Now there's a new kid in town with some other ideas, a beta application called Flickroom. It's built atop Adobe Systems' AIR foundation and presents a fashionably dark background for viewing pictures. There are plenty of icons and control panels to traverse photos, search photos, join a chat room, and see what your contacts are up to.

Flickroom has some bugs and idiosyncrasies, and fundamentally it's not shifting any Flickr paradigms beyond the user interface. But it does manage to illustrate what can be done with Flickr's raw material. I especially liked the flip through the large sizes of a user's photos.

Another good example of what can be done with Flickr's API is Darckr, which shows what Flickr (not entirely badly) believes to be your most interesting shots set off against a black background. I'm not going to be showing my photostream as my portfolio, but my interesting shots on Darckr aren't so mundane.

There are plenty more. Photoshop.com from Adobe, for example, not only gives a new interface to Flickr but lets you edit your photos, too.

Google's Picasa Web Albums is set up more for showing family pictures than for spawning a community of macro or Holga photography, but it can teach Flickr a thing or two.

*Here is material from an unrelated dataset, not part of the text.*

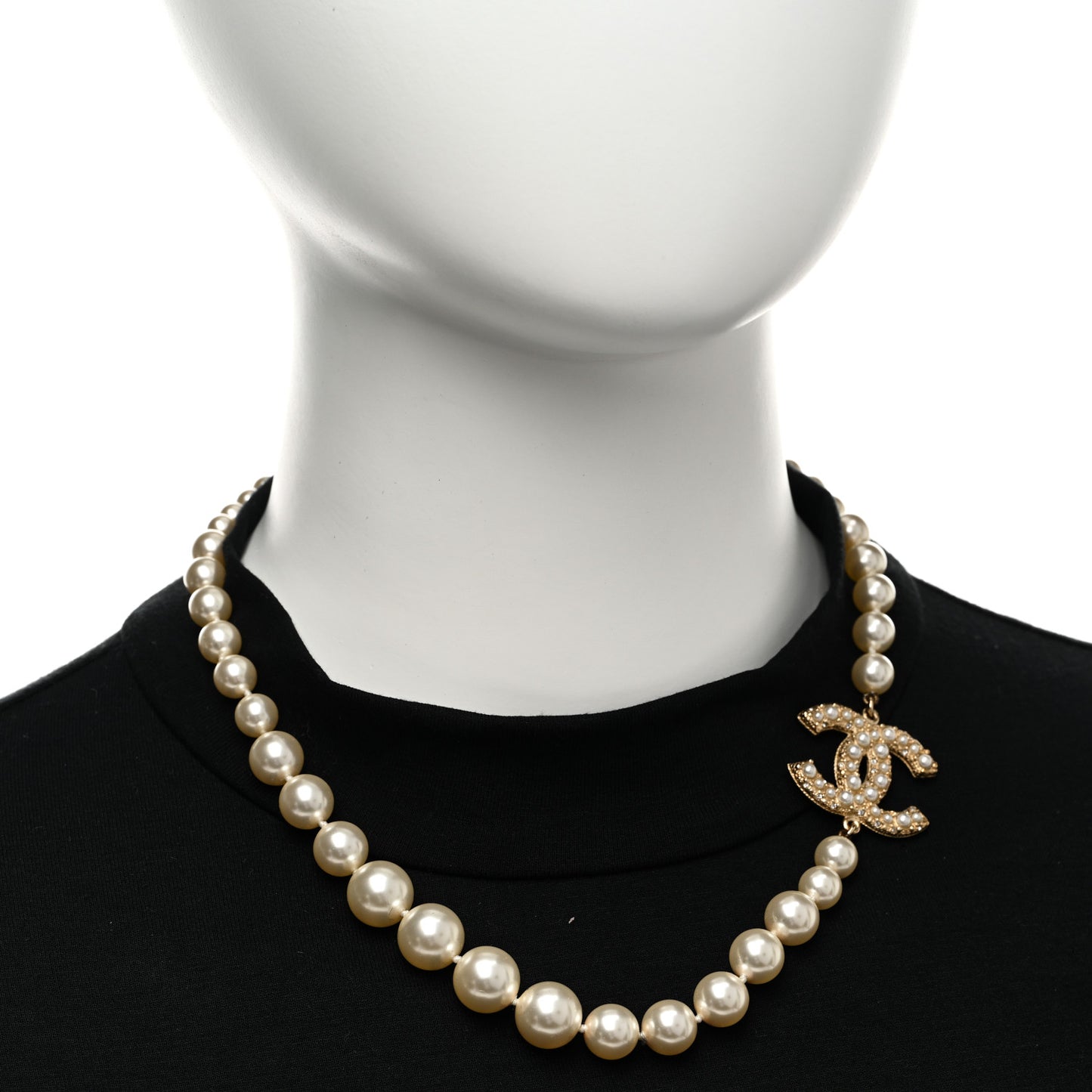 Pearl CC 100th Anniversary Necklace Light Gold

Google boasted in June of a revamp that makes photos load much faster, even at full-screen size, and it wasn't idle boasting. And even if Picasa photos are framed by more clutter than Flickr's photos, at least the photos can be viewed larger.

Photoshop.com offers online image editing and sharing.

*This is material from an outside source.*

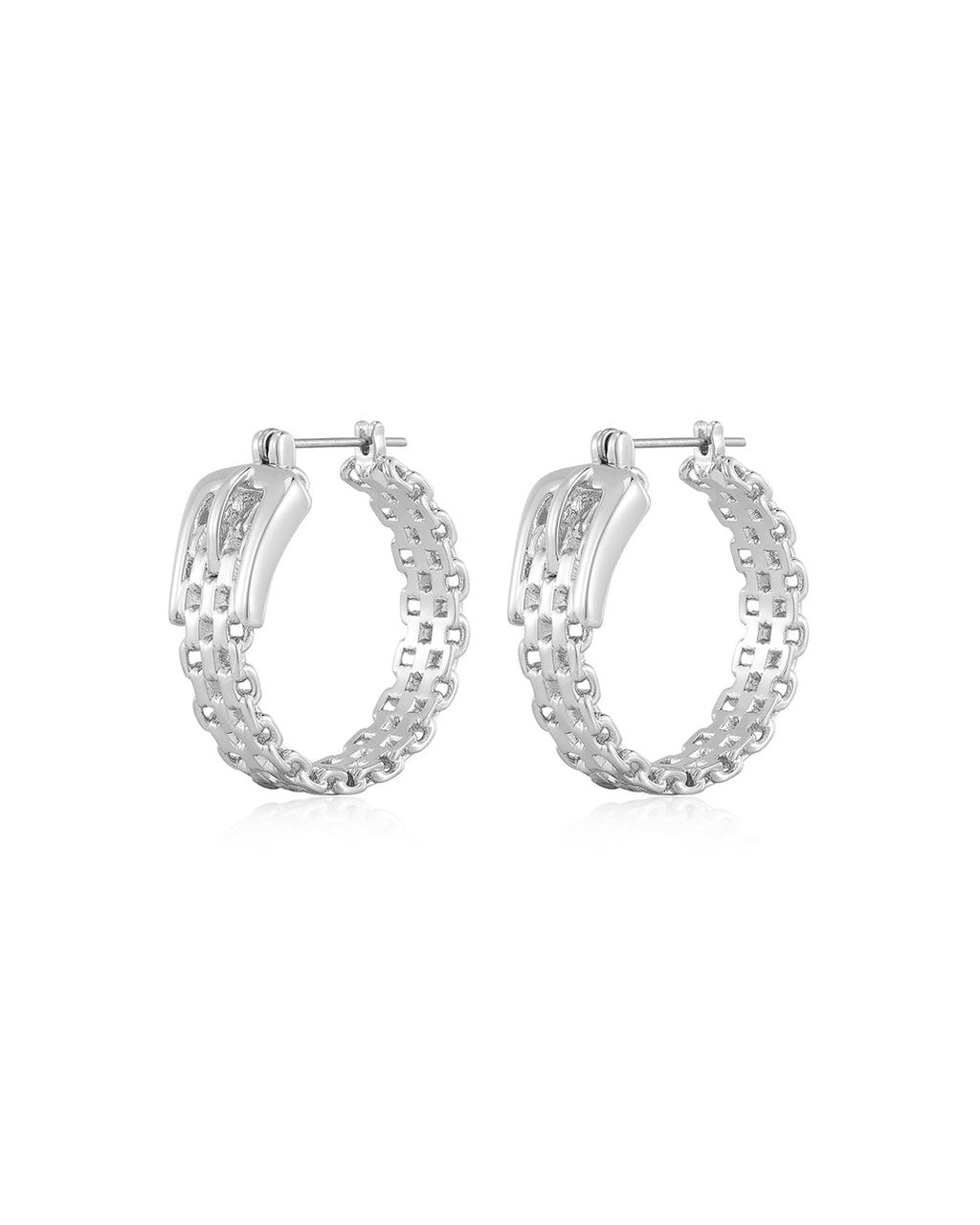 Woven Buckle Hoops - Silver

Photoshop.com offers online image editing and sharing.

(Credit: Screenshot by Stephen Shankland/CNET)

The good news
Flickr may not be moving fast enough for me, but happily, it's not standing still, either.

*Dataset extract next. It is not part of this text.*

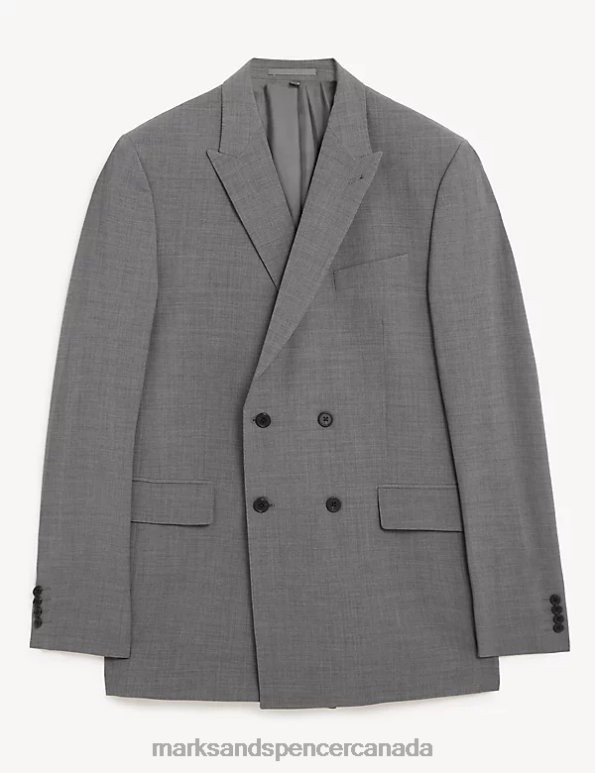 Marks and Spencer Canada - Men Light Grey Clothing Marks & Spencer The Ultimate Tailored Fit Double Breasted Suit Jacket 20VTD7036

"The core photo-sharing experience on Flickr is the area we want to spend most of our time on now," Rothenberg said. He pointed toward "the photo page in particular, the photostream, photos from your contacts--all aspects of site core to the photo-sharing mission of Flickr but that haven't really been brought in line."

Also, probably not just to throw me a bone because I'm a fan of location tags in photos, he added, "Even geotagging, (we'd like) to bring it more into the core experience."

He couldn't comment on my specific gripes about wasted screen real estate, though he did mount a bit defense of white space. However, it's clear Flickr understands the issue, because he did take pains to mention Flickr's new search tool launched Tuesday. It can take advantage of available screen size.

Photophlow, though its development is dormant for now, can make it fun for groups to browse and comment on Flickr pictures.

Photophlow, though its development is dormant for now, can make it fun for groups to browse and comment on Flickr pictures.

(Credit: Screenshot by Stephen Shankland/CNET)

Flickr's absolute priority is a page on which the photo looks good, but the site must also balance that with social and navigational features. "There's a large amount of information we store and display and allow people to interact with--sizes, licensing, location information, comments, favoriting," he said. "We want to make all those options as easy and efficient as possible."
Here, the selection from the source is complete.